Same mean. Different reality

# ----------------------------
# Two groups:
# A = Normal (balanced)
# B = Has an issue (outliers / skew)
# ----------------------------
set.seed(1)

# Group A: normal distribution
group_A <- rnorm(50, mean = 75, sd = 5)

# Group B: mostly normal but with a "problem" (few extreme high outliers)
group_B <- rnorm(50, mean = 75, sd = 5)
group_B[1:5] <- group_B[1:5] + 25   # add extreme values (the "issue")

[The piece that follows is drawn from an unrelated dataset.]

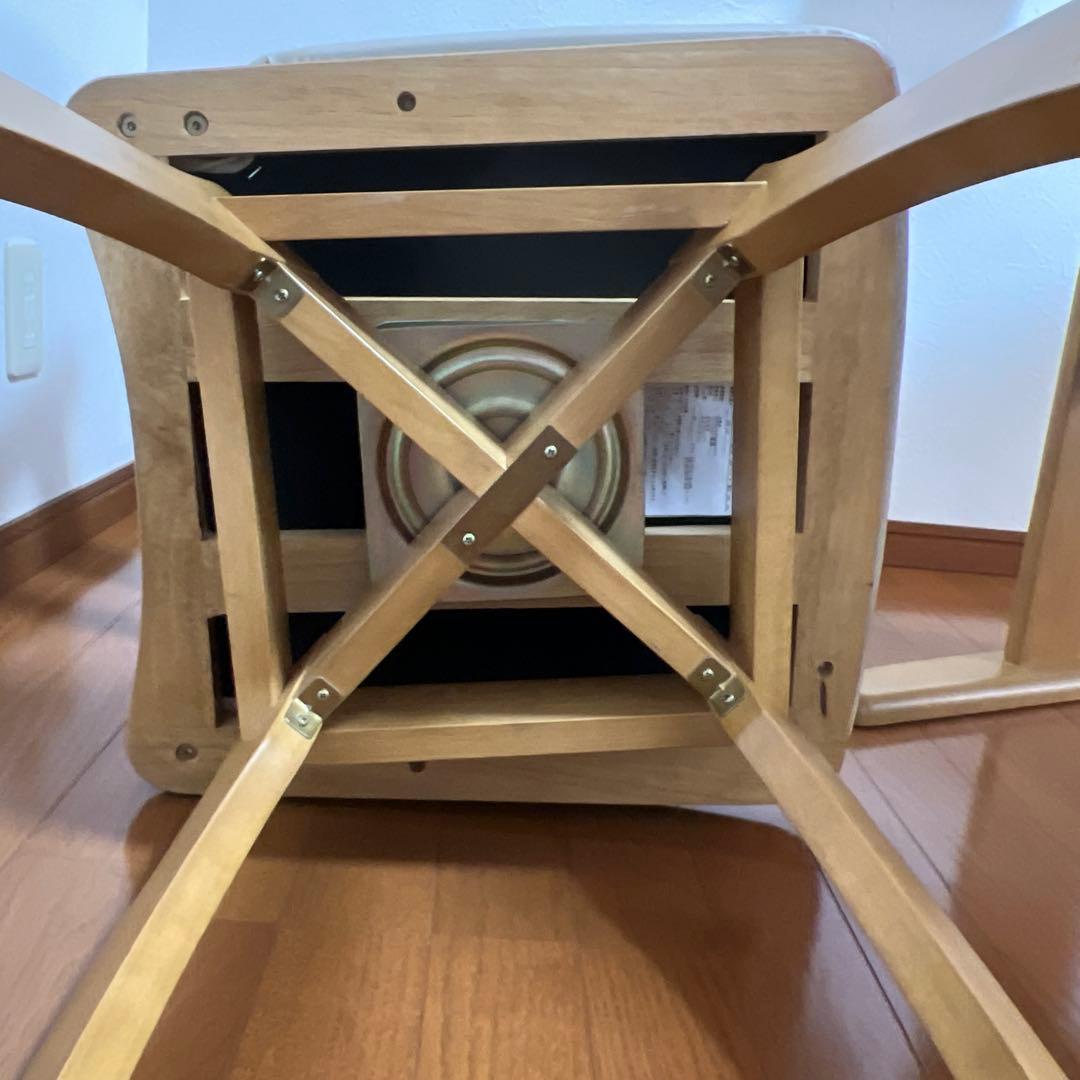 【引取り頂ける方限定】木製ダイニングテーブルと回転椅子2脚セット☆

# Make means (almost) equal by shifting Group B
group_B <- group_B + (mean(group_A) - mean(group_B))

# Check means
mean(group_A)
## [1] 75.50224
mean(group_B)
## [1] 75.50224
# ----------------------------
# Histograms (side-by-side)
# ----------------------------
par(mfrow=c(1,2))

hist(group_A, main="Group A (Normal)", xlab="Scores")
abline(v=mean(group_A), col="red", lwd=2)

hist(group_B, main="Group B (Issue/Outliers)", xlab="Scores")
abline(v=mean(group_B), col="red", lwd=2)

# ----------------------------
# Boxplot
# ----------------------------
par(mfrow=c(1,1))

boxplot(group_A, group_B,
        names=c("A (Normal)", "B (Issue)"),
        main="Same Mean, Different Reality",
        ylab="Scores")

points(c(1,2), c(mean(group_A), mean(group_B)), col="red", pch=19)

Interpretation

Although both student groups share the same mean score, their performance patterns are fundamentally different.

In Group A, the scores are evenly distributed around the mean, which makes the average a reliable summary of performance.

In Group B, a small number of high scores increased the mean, while most students performed below that level.

This demonstrates an important principle:

The mean describes the center. It does not describe the shape.

Statistical interpretation requires looking beyond the number to understand the structure of the data.